# Mark V TexSpray Texture Sprayer



## nEighter (Nov 14, 2008)

Today I went to a demo that Graco was putting on. I was able to try out the Mark V TexSpray setup. WOW it is awesome! It sprays out a level 5 finish on drywall that is almost perfect. Have bad walls and need to skim them? You could knock out a whole room with this setup in no time. It is VERY expensive at around $5500.00, but you wallpaper guys, or if you are like me and have removed wallpaper.. this is the rig you need! When dried you hit it with a 220grit sandpaper or screen or whatever and it is smoooooth :notworthy: The rep said you can also use it as an airless paint sprayer, and if it can spray drywall mud... you can spray damn near anything with it.

Thought I would share this product with you guys, I plan on adding this to the equipment in the next year or two. It opens up major areas of work that are currently too laborous. 

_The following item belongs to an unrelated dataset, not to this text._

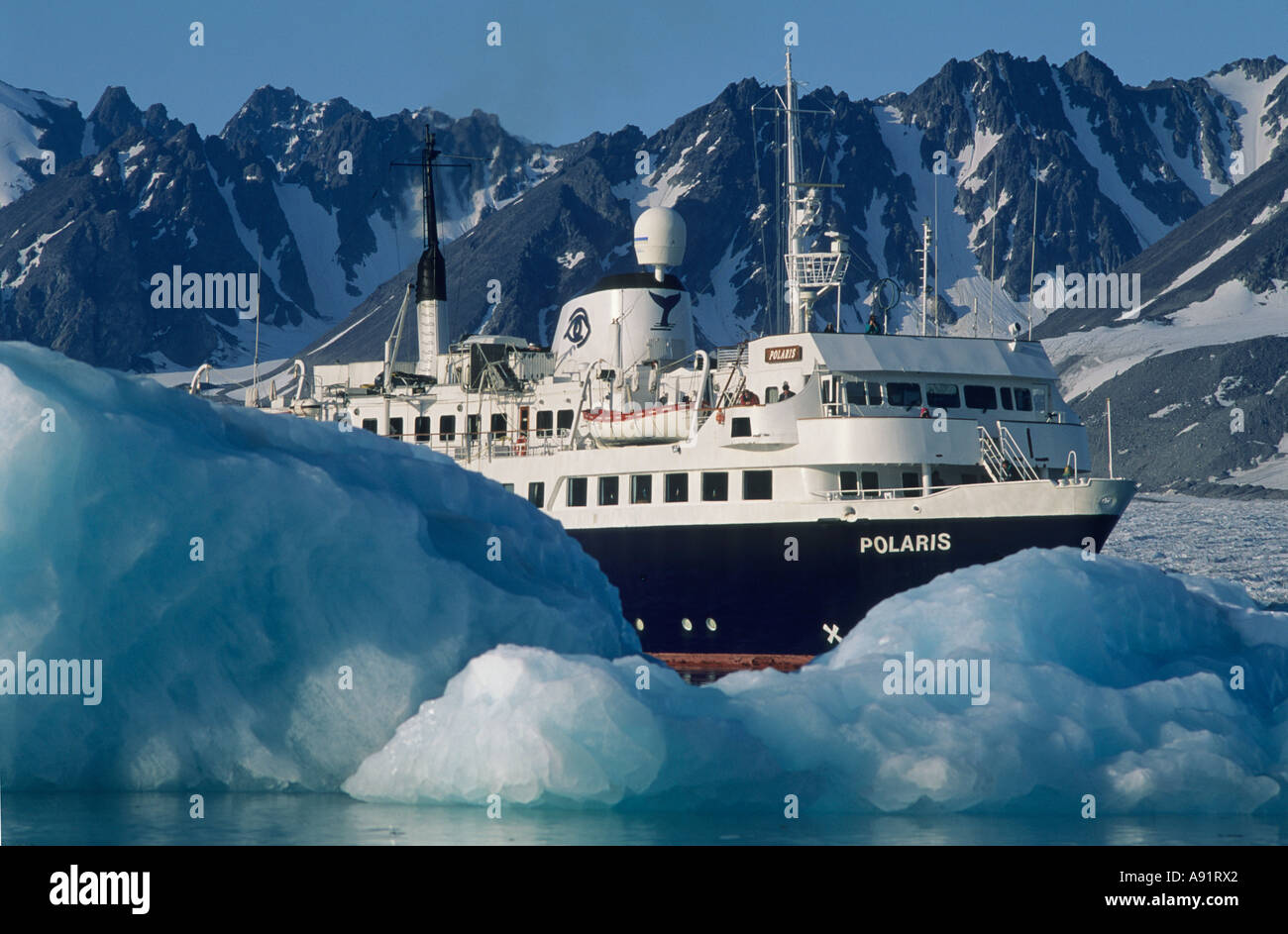 Cruise Ship Polaris, Lindblad Expeditions, Nature cruise in Svalbard, Spitsbergen, Norwegian Arctic Stock Photo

They demoed going over tape.. WOW less than 30 sec on a seam. I am sure there is a youtube vid out there somewhere on it.

anyway 

Cheers!:thumbup:


EDIT: http://www.graco.com/Internet/T_PDB.nsf/SearchView/TexSprayMarkV


----------



## Workaholic (Apr 17, 2007)

Buy used. 
I have seen this machine too and it is a work horse.


----------



## nEighter (Nov 14, 2008)

I will if I can find it :thumbsup: I can only imagine what I could take on with this rig


----------



## H&H (May 28, 2010)

I got my over ebay for 2800 couple weeks ago to spray level 5 and there a new listing for 2500 looks nice... here is the link
http://cgi.ebay.com/Graco-Texspray-...tem&pt=LH_DefaultDomain_0&hash=item439fac9cac


----------



## nEighter (Nov 14, 2008)

Thanks for the link. I still plan on adding this to the pump stable. It could seriously up the ability to do alot of work more efficiently. :thumbsup:


----------



## LOSTinDETAILS (Jun 17, 2009)

nEighter said:


> Thanks for the link. I still plan on adding this to the pump stable. It could seriously up the ability to do alot of work more efficiently. :thumbsup:


When you get one let us know what you think. It looks like a beast.


----------



## nEighter (Nov 14, 2008)

I demo'd it last year and it IS a hause.


----------



## CK_68847 (Apr 17, 2010)

Have any of you guys ever used a graco texspray 2030? It is the craziest pump ive seen. It's got what looks like a fire hose for a gun and shoots out a four foot fan of texture paint. We are painting the outside of 200,000 square foot building and in the first two days including masking got two sides textured. You can also use it for drywall mud. It is a pumping machine.


----------



## nEighter (Nov 14, 2008)

Nope. The biggest, hardcore pump I have used was a Graco Bulldog. It was a pneumatic powered sprayer. We were spraying Coal Tar Epoxy with it. That was a beast.


----------